GoogleアナリティクスはWEBサイトのデータを解析し、改善・新しい施策に活かすためのツールです。
ただ、「GoogleアナリティクスでのWEBサイトの解析方法が分からない」「どうやって改善すれば良いの?」と疑問に思っている方も多いのではないでしょうか?
そこで今回はそういった方へ向けて、GoogleアナリティクスでのWEBサイトの改善方法について、解析の仕方や施策を解説していきます。
この記事を読めば、Googleアナリティクスのデータを正しく見ることができるようになり、WEBサイトを改善に役立ちます。
WEBサイトの目標・KPIをチェックする
Googleアナリティクスで取得するWEBサイトのデータを活かすには、そもそもWEBサイトの目標を明確にする必要があります。
なぜなら、いくらデータを細かく見たところで、目標に向かったWEBサイトの改善ができなければ意味がないからです。
GoogleアナリティクスでWEBサイトの解析を始める前に、WEBサイトの目標・KPIをチェックしておきましょう。
何のためにWEBサイトを運営しているのか
WEBサイトを運営し、データを活用して改善を施そうとしているのであれば、そのWEBサイトには必ず目標があるはずです。
この目標を明確にしておかないと、いくらWEBサイトを改善しても事業の発展には全く貢献することができません。
例えば、WEBサイトのデザインにこだわり過ぎたり、運営者が発信したいことを発信してしまったり、ということになってしまいます。
そういった時間・経費・手間の無駄が起こらないように、WEBサイトを運営する際には、まず以下の項目を明確にしてください。
- 誰に向けたWEBサイトなのか
- ユーザーにどう行動してほしいのか
- WEBサイトで何を達成したいのか
こういったWEBサイトの目指す方向を定めておくことで、Googleアナリティクスでの解析が改善に活きてくるのです。
WEBサイトの目標・KPIの例
KPI(重要業績評価指標)とは、大目標の達成に向けてクリアしていくべき「具体的な数値指標」のことです。

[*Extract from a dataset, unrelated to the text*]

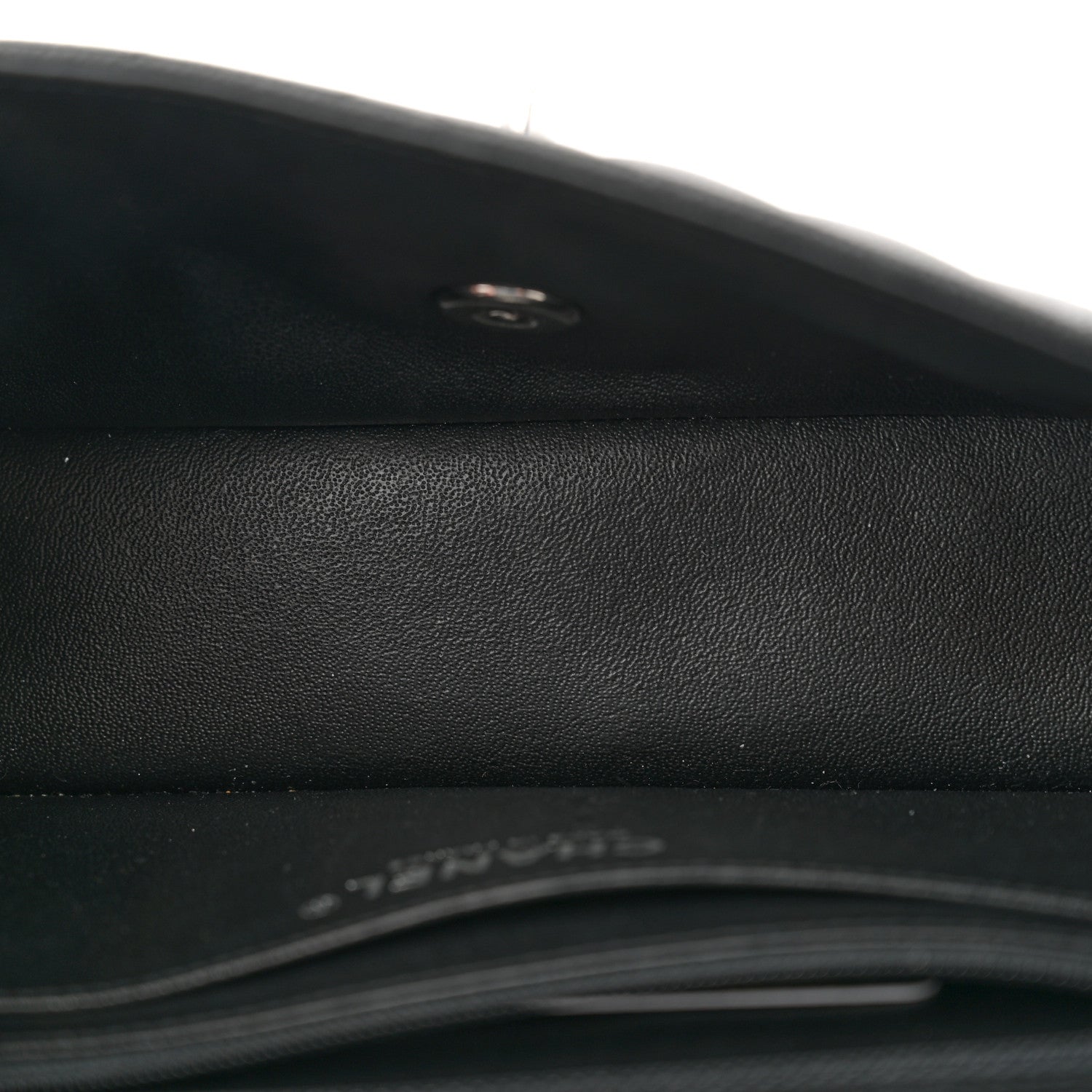 Caviar Chevron Quilted Mini Rectangular Flap Black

WEBサイトのいわば方向性となる目標を決めたら、その目標達成のための具体的な数値を決める必要があります。
KPIを決めておくことで、Googleアナリティクスで取得したデータをWEBサイトの改善に直接的に活かすことが可能です。
例えば、WEBサイトの種類ごとに以下のような目標・KPIが立てられます。
種類 | 目標 | KPI |
ECサイト | 商品の購入 | 商品ページの閲覧数 |
WEB制作会社 | お問合わせ | 資料ダウンロード数 |
求人サイト | 求人エントリー | 求人要項ページの閲覧数 |
このようにKPIを定めることで、WEBサイトの改善点が明確になり、Googleアナリティクスでどこを見れば良いかもわかってきます。
改善の方向性をより具体化するために、WEBサイトの目標およびKPIは必ず定義しておきましょう。
WEBサイトの訪問者にはどんな特徴があるか?
WEBサイトを改善するためには「どんなユーザーがWEBサイトに来ているのか?」を、正確に把握しなければいけません。

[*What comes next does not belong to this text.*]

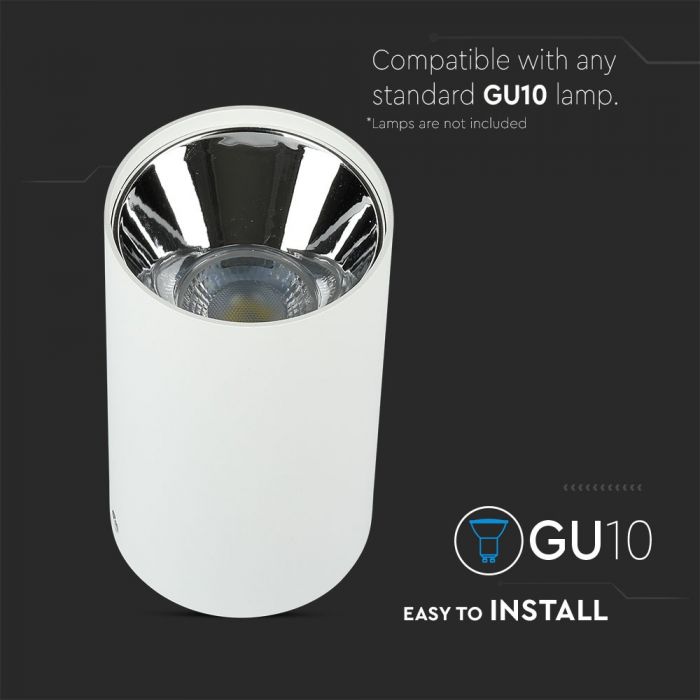 LED SURFACE GU10 FITTING ALUMINIUM ROUND 80X140 WHITE+CHROME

これはWEBサイトに限った話ではなく、リアルでのビジネスを含めたすべての商売において重要なポイントです。
WEBサイトの運営ではこの視点が欠けてしまいがちなので、必ずGoogleアナリティクスでチェックしておきましょう。
「ユーザー」レポートでユーザーの特徴を解析
WEBサイトに訪れたユーザーの特徴は、「ユーザー」レポートで確認することができます。
[Googleアナリティクスホーム]→[ユーザー]
「ユーザー」レポートで見ておくべきデータは、主に以下の3つです。
新規顧客とリピーター
新規顧客とリピーターの数は、[ユーザー]→[行動]→[新規顧客とリピーター]で確認できます。

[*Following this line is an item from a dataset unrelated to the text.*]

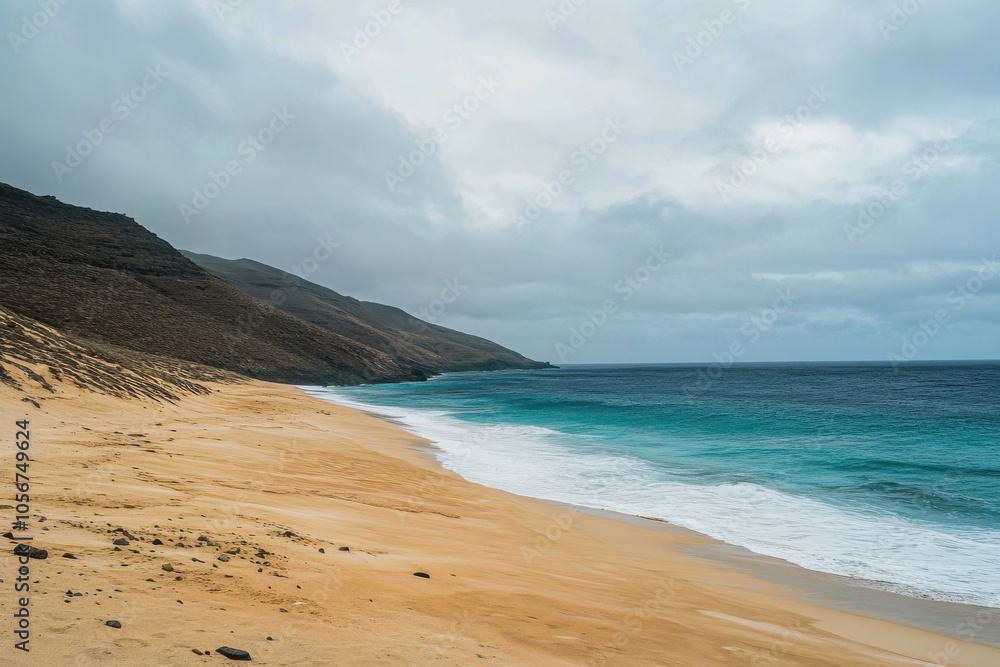 Pristine sandy dunes merging with the blue ocean under a cloudy sky during a sunny afternoon Pristine sandy dunes merging with the blue ocean under a cloudy sky during a sunny afternoon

WEBサイトの目標や設定したKPIによってもケースが異なるので、一概にどちらが多ければ良いということは言えません。
例えば、ECサイトであれば商品購入が目的なので、リピーターを増やした方が安定した顧客を獲得できます。
一方で、大学や専門学校のWEBサイトでは、新規の入学者がほしいわけなので新規顧客を増やした方が良いかもしれません。
WEBサイトの方向性と現状のユーザーの属性が合っているのかどうか、一度確認しておきましょう。
年齢・性別
ユーザーの性別・年齢は、[ユーザー]→[ユーザー属性]→[概要]でチェックすることができます。
性別・年齢は、言うまでもなく商品・サービスがターゲットとしている層を呼び込まなければ意味がありません。
例えば、アンチエイジングを売りにした美容品を扱っているのであれば、30代~50代くらいの女性がターゲットとなるでしょう。
WEBサイトがターゲットとしている顧客層をしっかり獲得できているかどうか、チェックしておきましょう。
利用デバイス
ユーザーの利用デバイスは、[ユーザー]→[モバイル]→[概要]で確認することができます。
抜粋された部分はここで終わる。